|Thursday, October 21, 2021||3:30PM - 5:00PM||Online Event, Online Event|
Global Taiwan Lecture Series
Both Taiwan and mainland China today claim numerous contested features in the South China Sea as “inherent” Chinese territory “since ancient times” — the Pratas, Paracel, and Spratly Islands, Macclesfield Bank, and Scarborough Shoal. This portrays a static and monolithic Chinese state as having ‘always’ territorially minded or largely neglected the islands, and as having neatly disseminated national narratives of the islands onto its populace. Likewise, non-government peoples who historically interacted with the islands, such as fishers, merchants, and community organizations, are commonly subsumed under the nation-state as markers or demonstrators of national sovereignty claims.
In this talk, Chris P. C. Chung discusses the contours of a global and bottom-up approach that decenters the dispute’s origins from the nation-state. He examines predominantly top-down government archival files on the islands from the bottom-up; traces the global historical connections and developments that vitally fuelled the modern formation of China’s island claims in the early 20th century; and dissects the central roles that non-government peoples with widely diverging interests and worldviews played in Chinese maritime discourse production. This decentering approach yields a more critical and comprehensive history of maritime claims-making — and of national identity formation — in Taiwan and mainland China.

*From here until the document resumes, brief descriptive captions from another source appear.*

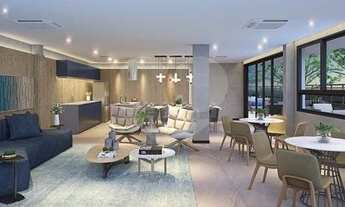 Imagem 6: Studio super bem localizado a 230 mts do Metro Vila Madalena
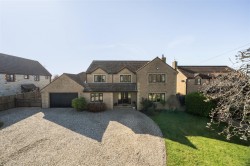 Images for Martock Road, Long Load, Langport
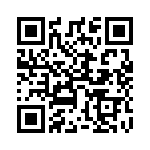 5748146-6 QRCode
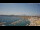 Webcam in Procida, 14.5 km entfernt
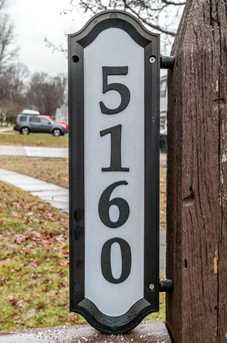 5160-1.jpg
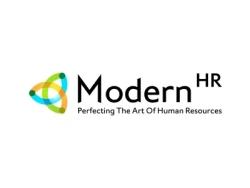 ModernHR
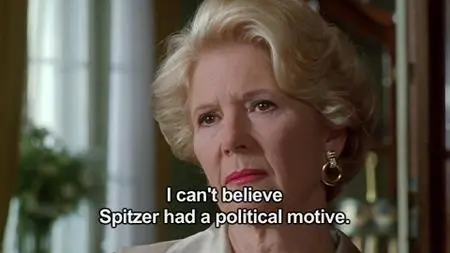 1994 – Willkommen in der Zweiten Republik S01E01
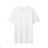 T-Shirt Kurzarm Herren (M-2XL) GLO-STORY GLO24MPO-3458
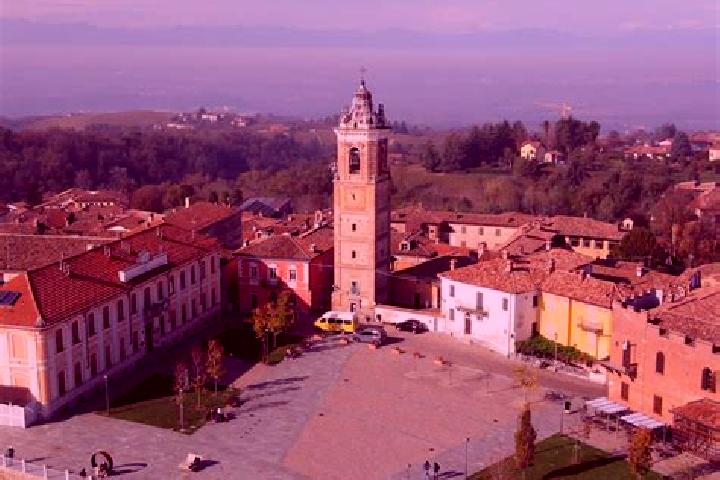 escort Diano d Alba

Chris P.C. Chung is a doctoral candidate in history at the University of Toronto. Using the South China Sea islands dispute as a case study, Chung’s research investigates how the global flow of ideas and activities of everyday people vitally informed Chinese state conceptions of space and sovereignty in the maritime frontier since the late 18th century. His recently submitted doctoral dissertation, Fluid Realms: Chinese Visions of Maritime Space in the South China Sea Islands, has been supported by the Social Sciences and Humanities Research Council of Canada. It explores the pivotal roles that non-government actors across the globe played in Qing and Republican Chinese claims-making over the Pratas, Paracel, and Spratly Islands, such as fishers, merchants, and community organizations. It extensively draws from largely unused Qing and Republican archival files that directly detailed official Chinese deliberations on the islands issue and the maritime frontier more generally.